Spanish instrumental surf band Los Coronas are Fonzie-cool. Clad in black suits, sunglasses, and cowboy hats, the quintet strut across WOMAD like something out of a Robert Rodriguez film; the music maneuvers with a cinematic quality due to the sheer weight of combined reverb, guitar, and brass. We clap the proper Spanish way by request of the band, and when the ringleader asserts “this is Tarantino music” before the iconic Miserlou blares through the Shell Gables stage in the rain, it’s a sight of spaghetti western proportions. Brilliant fun.

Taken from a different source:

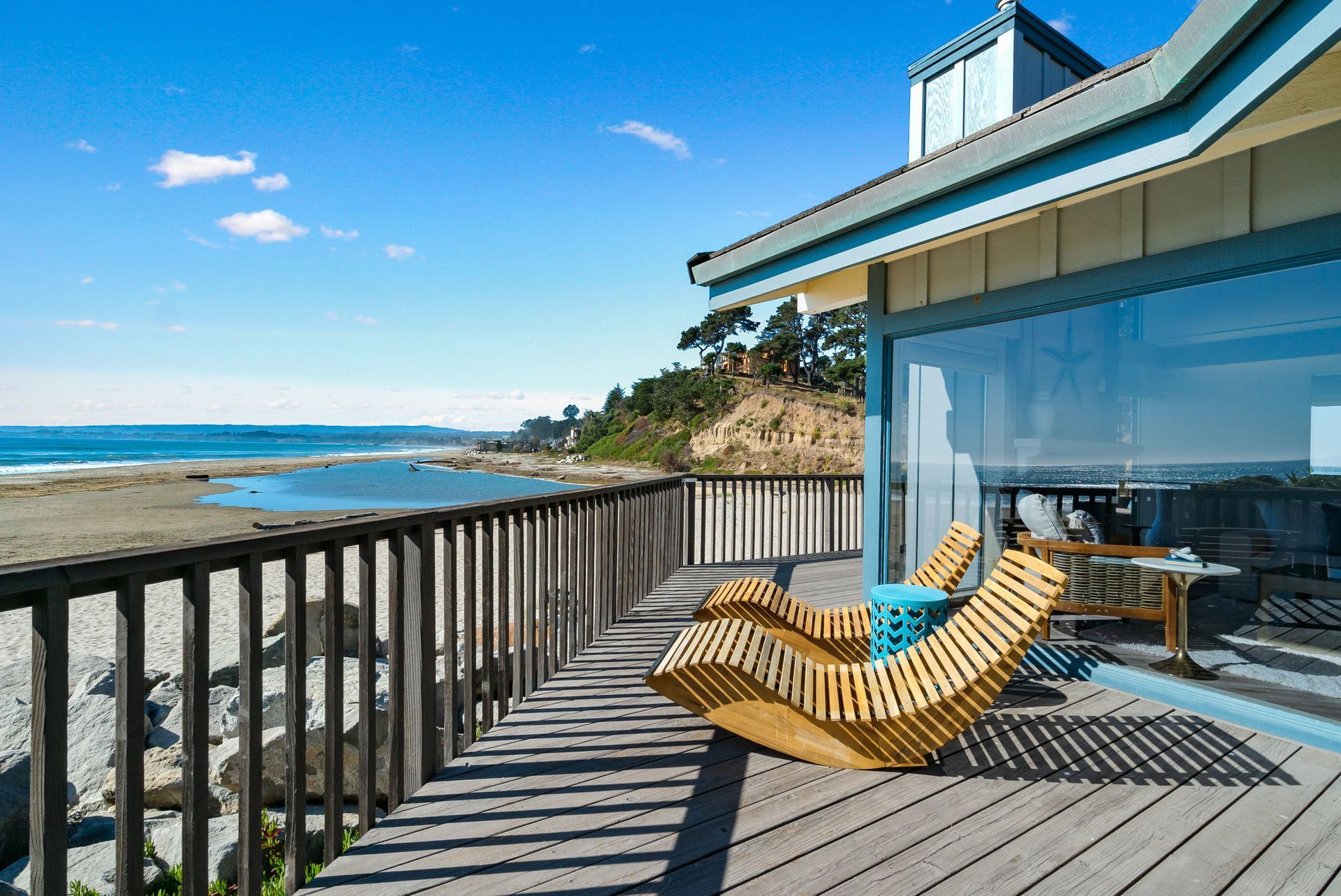 there are two chairs on the deck of a house with a view of the ocean .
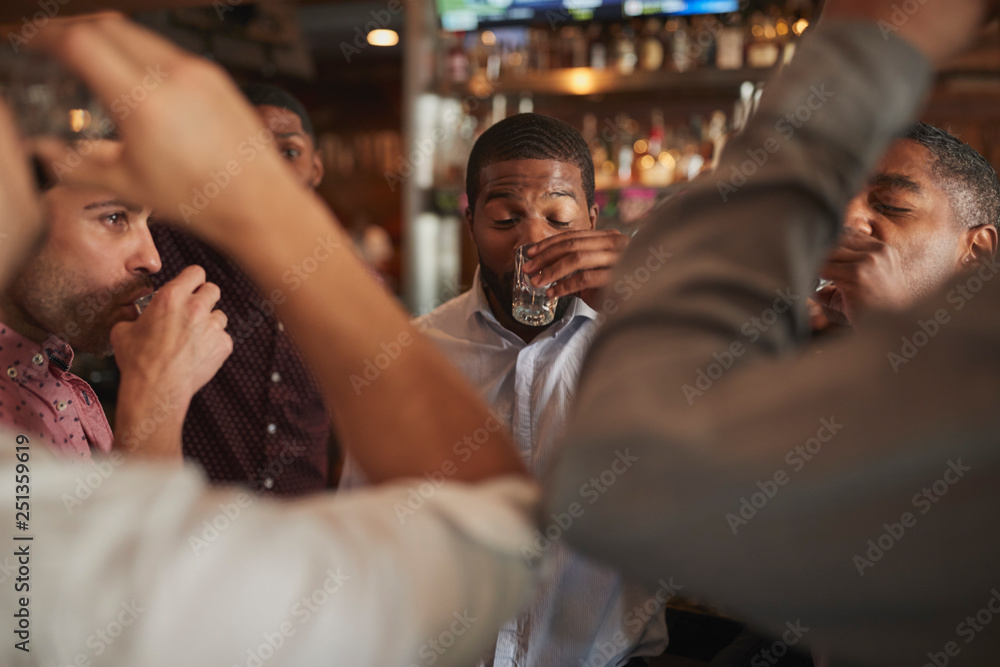 Group Of Male Friends On Night Out Drinking Shots In Bar Together Group Of Male Friends On Night Out Drinking Shots In Bar Together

By Sunday nightfall, the main stage had seen a variety of world musicians sharing their native cultures and ideologies, so it was appropriate that Arrested Development’s lead MC Speech closed their headline set with a cover of Bob Marely’s ‘Redemption Song’. Dedicated to the freedom fighters, he tells us, as we shine our own lights (cellphones) and applaud the positive 90s hip-hop group. Over 90 minutes WOMAD partied to early tunes ‘Tennessee’, ‘Mr. Wendel’, and ‘Everyday People’, still just as strong 20 years later. A flurry of bright lighting and bold sounds fill the TSB Bowl as the hip hop group debut fresh songs from the forthcoming release this April. But these guys are 90s pure-breeds and won’t let us forget, and the medley of Kriss Kross’ ‘Jump’ and House of Pain’s ‘Jump Around’, send the crowd, well, to the air.
We leave afterwards with the hundreds of festivalgoers on the long slog out. We leave the culture, the arts, the dance, the food and the music in the forests of the ‘naki, exhausted but pleasantly enthused for the mixture awaiting next year.